I think it will happen more and more, I can see this happening in Mexico and other countries for "express kidnappings".

Eleven pm, Hoodlum drives up outside a club, sees guy checking his phone, Hoodlum pulls up to him in shiny freshly washed car with fake uber sticker he printed on home copier.

Pax hops in car, Hoodlum locks doors after pax gets in to car. Starts driving turns around corner where Accomplice is waiting, Hoodlum opens lock and Accomplice hops in next to Pax. Accomplice pulls gun on Pax.

Pax is now SOL.

He is told to empty out pockets of everything, money, jewelry, wallet etc. They now have his home address, keys to his house, his phone with wife and kids numbers.

He is driven to an ATM where he is told to take out cash maximums on all his cards.

Hoodlum and Accomplice drive Pax around till after midnight, it is now another day. So, Pax again takes out cash maximums from all cards.

Pax is left on side of road in a commercial area.

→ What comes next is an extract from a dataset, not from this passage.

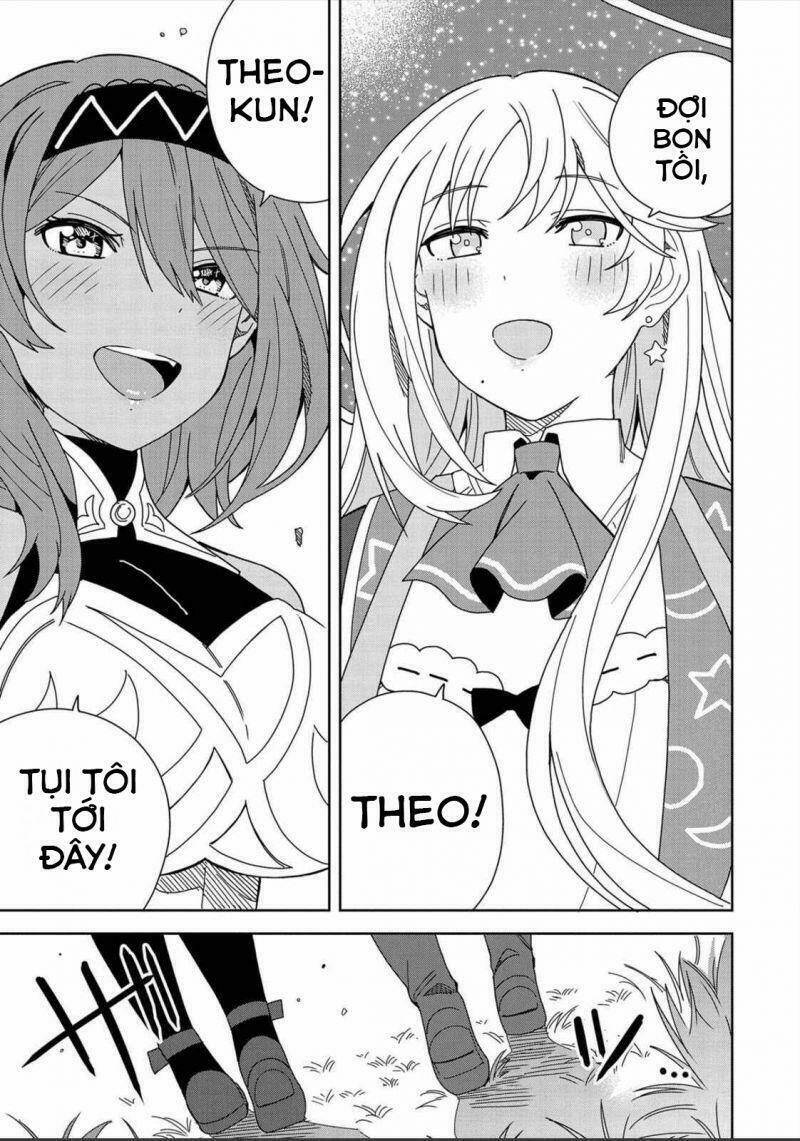 Tôi Triệu Hồi Ác Quỷ Để Thực Hiện Điều Ước, Nhưng Tôi Lại Muốn Cưới Cô Ấy Vì Cổ Quá Xinh Đẹp: Chapter 13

Pax never sleeps well again because he doesn't know if or when the Hoodlum and Accomplice will come visit him at home.

Can't happen?

Yes it can, happens too often.


----------



## F-uber (Aug 1, 2015)

observer said:


> I think it will happen more and more, I can see this happening in Mexico and other countries for "express kidnappings".
> 
> Eleven pm, Hoodlum drives up outside a club, sees guy checking his phone, Hoodlum pulls up to him in shiny freshly washed car with fake uber sticker he printed on home copier.
> 
> ...


Damn, that was graphic enough to turn into a film script. I never considered Mexico because much, if not all, of that could happen in any city in the USA.


----------



## observer (Dec 11, 2014)

F-uber said:


> Damn, that was graphic enough to turn into a film script. I never considered Mexico because much, if not all, of that could happen in any city in the USA.


It actually happens pretty often in Mexico.

It happened to a friend of mine, except he was just picked up on a street corner by some random car with two people in it.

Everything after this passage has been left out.